*WHAT THIS TASK INVOLVES*:
Reproduce the full listing below unchanged, apart from the pictures.

*SOURCE MATERIAL*:
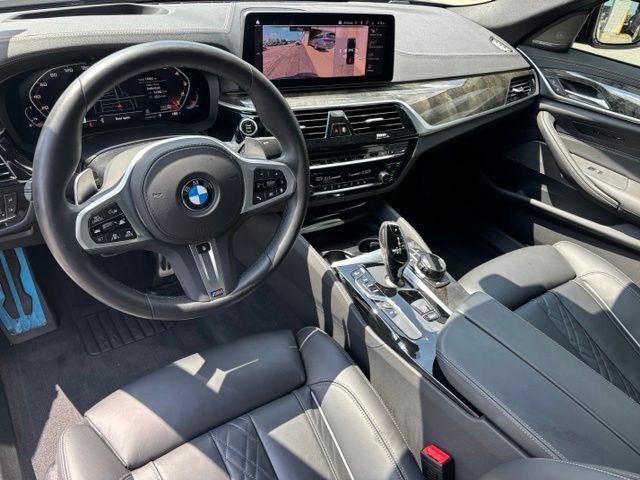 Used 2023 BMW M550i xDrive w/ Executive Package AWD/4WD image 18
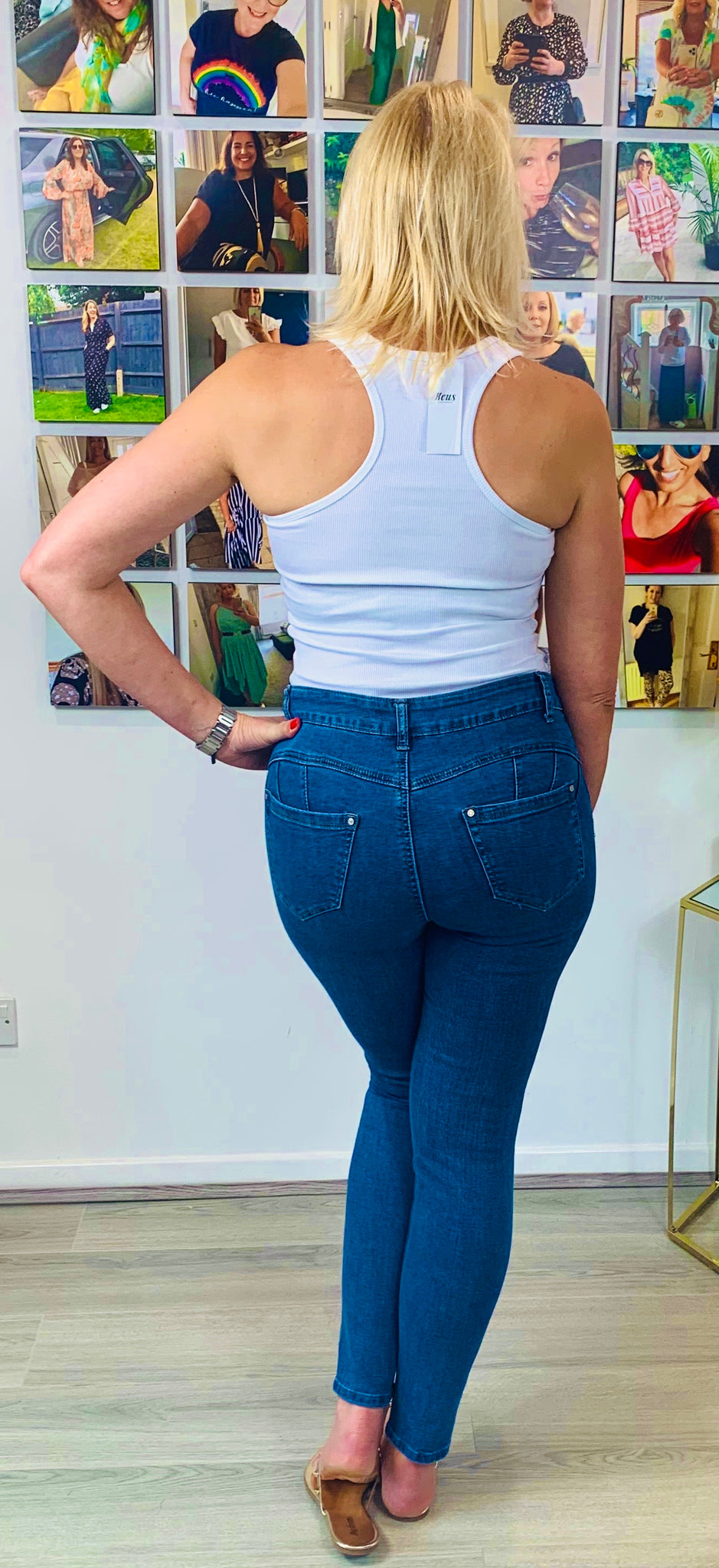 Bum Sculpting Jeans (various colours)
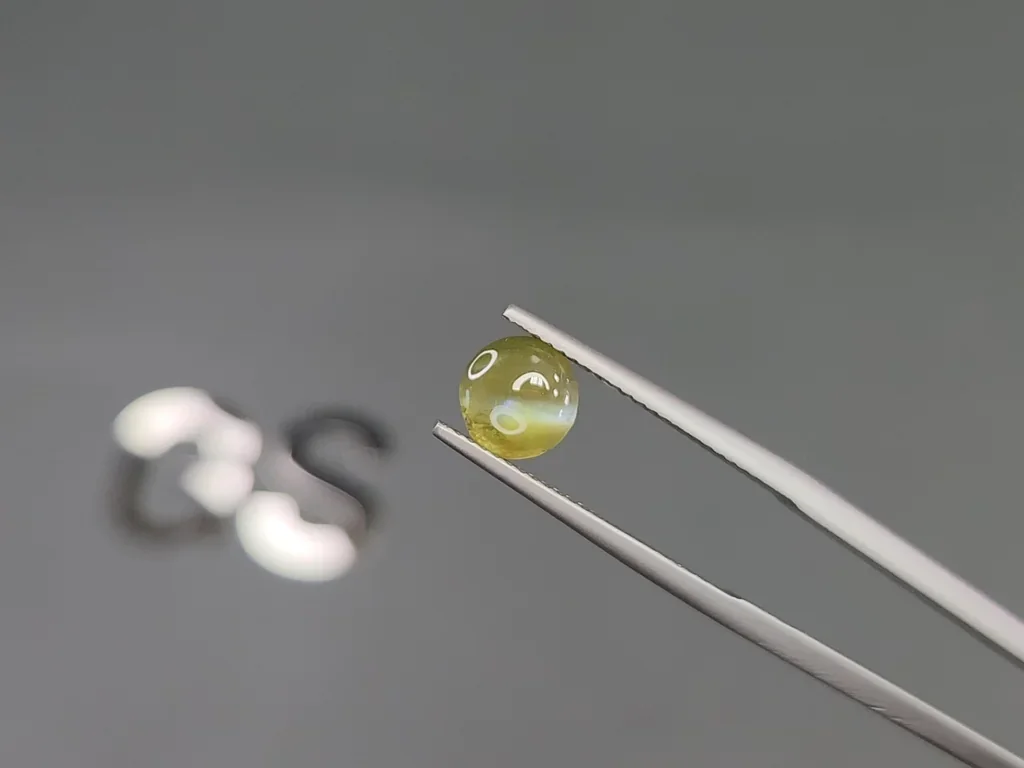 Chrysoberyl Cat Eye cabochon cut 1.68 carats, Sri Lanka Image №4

*EXERCISE RESULT*:
 Used 2023 BMW M550i xDrive w/ Executive Package AWD/4WD image 18
 Bum Sculpting Jeans (various colours)
 Chrysoberyl Cat Eye cabochon cut 1.68 carats, Sri Lanka Image №4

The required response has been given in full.